よろしかったでしょうかとか言ったら消されるんじゃないかみたいな。
みたいな目で見られること多いんですけど、決してそんなことはなくてですね。
言語学者って何をしてるのって言われると一言で言うならば、言語に関する脳の仕組みを解き明かしたい人たちなんですよ。
要は国語とか英語の授業だと言語のルール、いわゆる文法ですよね。
とか意味っていうのを教えてもらったり、あと国語とかだとその物語を読んで、筆者の心情とかこの時の主人公の気持ちをみたいなことをやりますけど、
言語学者がやってるのはそういうことではなくて、言語っていう窓、言語の使い方であったりとか、
この言語、例えば日本語をしゃべる人たちはこういうふうに言うんだとか、英語をしゃべる人たちはこういう表現を使うんだっていう、そういう窓を通じて、人の脳の仕組みを覗き見るっていうのが一つの目標なんですよ。
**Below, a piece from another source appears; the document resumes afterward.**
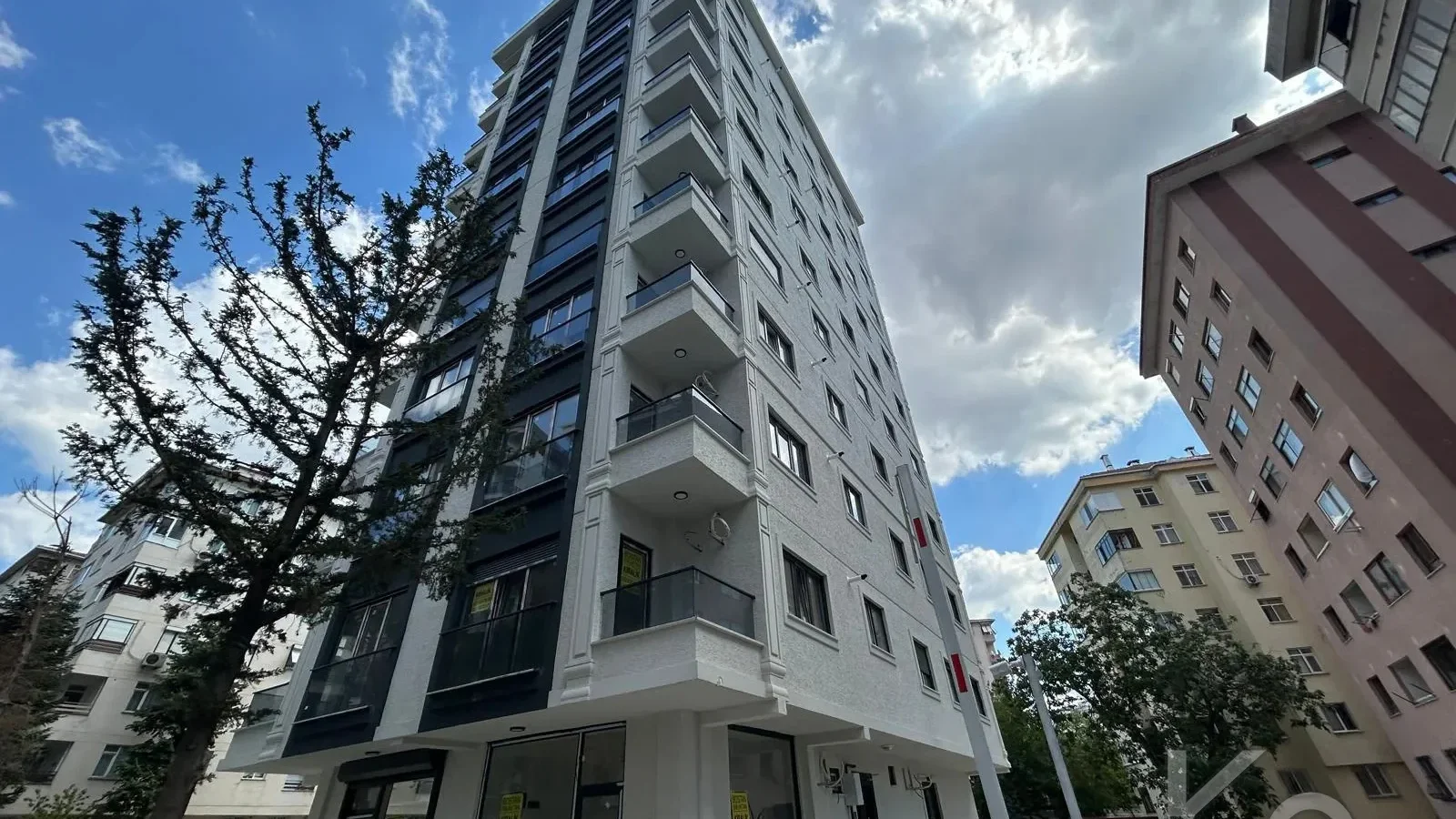 Lacivert Cadde Bostancida Sifir 3+1 Ebeveyn Banyolu 88m² Net 3+1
じゃあどっちかっていうと、脳科学であったりとかに近い。
そうですね。まさしくその通りで脳科学っていうのがある意味一番近いところにいると思います。
ただその人の頭を割っても、どこで言語が作られているかとかってことは全くわからないので。
解剖したりはしない。
解剖したりはしない。
人々が使っている言語のデータを集めていって、その人の頭の中にある言語能力っていうんですかね、どういう能力があれば言葉を話せるようになるのかであるとか、
あるいは母語話者っていうのがどういう知識を持っているのかっていうことを探求していくっていうのが言語学の学問なんですね。
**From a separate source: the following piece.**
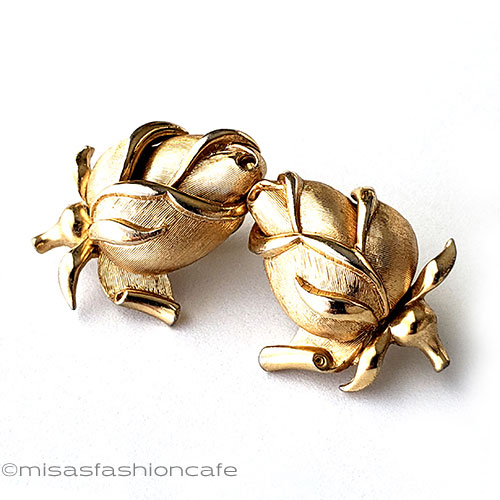 （画像用） Trifari　 トリファリ 薔薇の蕾イヤリング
人が出しているアウトプットが言語だと思うんですけど、その出てるものから中身を探りに行く。
だからある意味バックエンジニアリングだっていう説明をしたりするんですけど、
例えば我々パソコンとかスマホを使うときにあっていうキーボードを打ったらあが出るわけじゃないですか。
いって打ったらいって出るわけじゃないですか。
それは知らなくても使えますよね。
その中身がどういうプロセスがあってあってなってるかっていうのはわかんなくても使えるわけじゃないですか。
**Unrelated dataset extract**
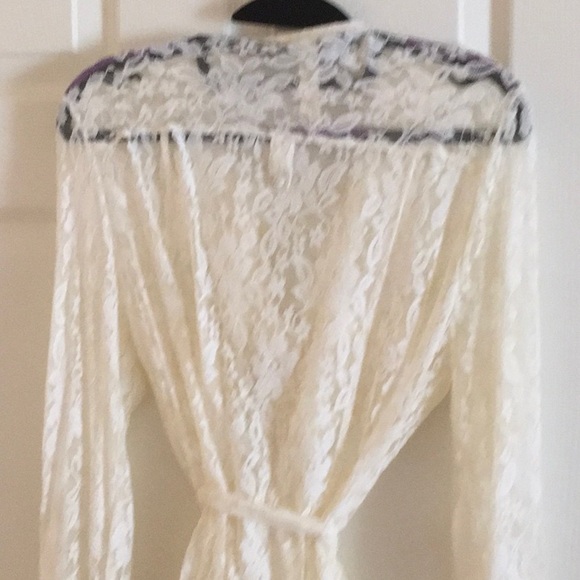 White lace blouse with button down front and tie belt. - Picture 4 of 4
中身見えなくても別にね、中身わかってないならスマホ使っちゃダメだよとかないですもんね。
だから言語も一緒で、我々どうしてそうなってるのか、どういう仕組みで日本語がそうなってるのかってことは知らなくても日本語話せるんですけど、
でもそれを元にこういうふうに言うとOK、こういうふうに言うとダメ。
さっきのこの薬飲んだら気持ち悪くなったらいいけどキモくなったらダメだよねみたいな、
そういう試行錯誤というかトライアル&エラーを通じて、
頭の中でこういう仕組みが働いてるからキモくなったらダメなんだよねみたいなことを探っていくっていうのが言語学者のお仕事なんです。